The Trilateral Settlement of Borders and the Legacy of Diplomacy

In sharp contrast to these global flashpoints, Bangladesh and India currently maintain an unprecedented status of having completely resolved all outstanding territorial and maritime border disputes. This monumental administrative achievement was realized entirely through peaceful negotiation, bilateral treaties, and international judicial arbitration. Following the 1971 Liberation War, directed by the founding leader of the nation, Bangabandhu Sheikh Mujibur Rahman, Bangladesh secured its independence but lacked a definitively demarcated, comprehensive national map. This complication was a direct legacy of the 1947 partition of the subcontinent, which left a complex network of sovereign enclaves trapped deep within each other’s territories.
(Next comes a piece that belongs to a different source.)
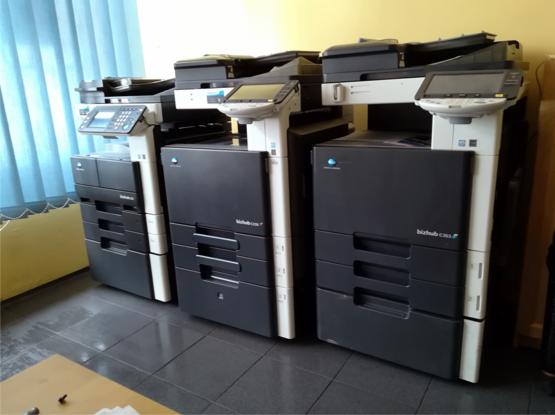 Rząd trzech czarno-białych kserokopiarek Minolta Bizhub C459 z dotykowymi panelami sterowania, ustawionych obok siebie w pomieszczeniu z niebieskimi zasłonami.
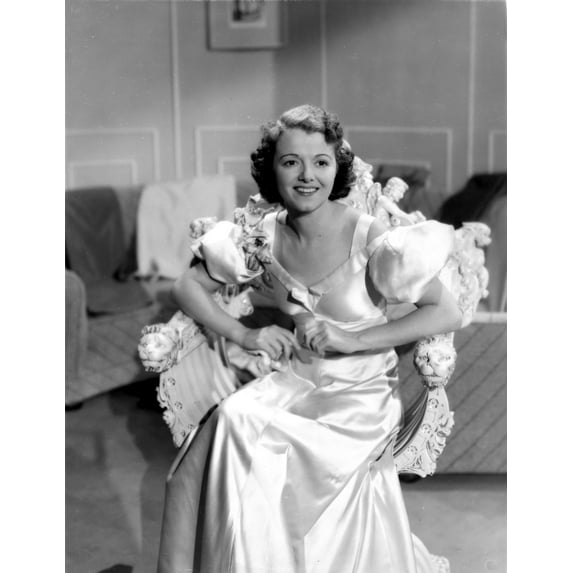 Janet Gaynor on a Silk Gown sitting Photo Print (8 x 10)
This structural anomaly was permanently resolved under the executive leadership of Prime Minister Sheikh Hasina. On the midnight of 31 July 2015, the two neighbouring nations formally executed the historic Land Boundary Agreement (LBA), initiating a comprehensive exchange of enclaves.

This structural exchange permanently resolved a 6.1-kilometre stretch of unmarred border, finalising the geographical map of Bangladesh. The treaty legally enfranchised nearly 50,000 enclave residents, granting them formal citizenship and immediate access to constitutional fundamental rights, effectively ending decades of statelessness.

Furthermore, Sheikh Hasina successfully mediated a decades-old maritime dispute regarding sovereign rights over the territorial waters and continental shelf of the Bay of Bengal. On 7 July 2014, the Permanent Court of Arbitration (PCA) in The Hague delivered a landmark judicial ruling. The international court awarded Bangladesh sovereign rights over 19,467 square kilometres of the disputed 25,602-square-kilometre maritime zone. Through these two monumental initiatives, the administration demonstrated that long-standing, volatile border disputes could be permanently settled through structured legal channels and bilateral dialogue, entirely avoiding the necessity of bloody military conflicts.

The Path of Mutual Equity and Diplomatic Engagement

It remains an unalterable geopolitical reality that India and Bangladesh are permanent geographic neighbours. Consequently, regardless of the political friction or diplomatic strain that may occasionally compromise bilateral relations, all systemic border issues must be addressed through constructive dialogue and sustained diplomatic efforts. Hyperbolic political rhetoric deployed during electoral campaigns—including anti-Bangladesh rhetoric by Indian politicians or populist anti-India slogans within the domestic politics of Bangladesh—may successfully mobilize specific voting blocs, but such maneuvers do nothing to resolve the underlying structural crises.

A sustainable, tranquil border environment can only be achieved by fostering a friendly bilateral relationship rooted strictly in equity, mutual respect, and international law. Inflammatory, unverified public statements issued by political figures—ranging from unsubstantiated claims regarding millions of illegal migrants to provocative remarks regarding the strategic “Chicken’s Neck” corridor, the internal security of the northeastern Seven Sisters states, or aggressive rhetoric concerning the rapid military occupation of state capitals—only serve to complicate bilateral diplomacy. Such provocative postures inflict severe economic and political harm on both nations. Given the asymmetric nature of the regional market, Bangladesh—as a smaller, import-dependent economy—stands to incur the heaviest financial and developmental damages if bilateral cooperation breaks down in favour of unilateral physical isolation.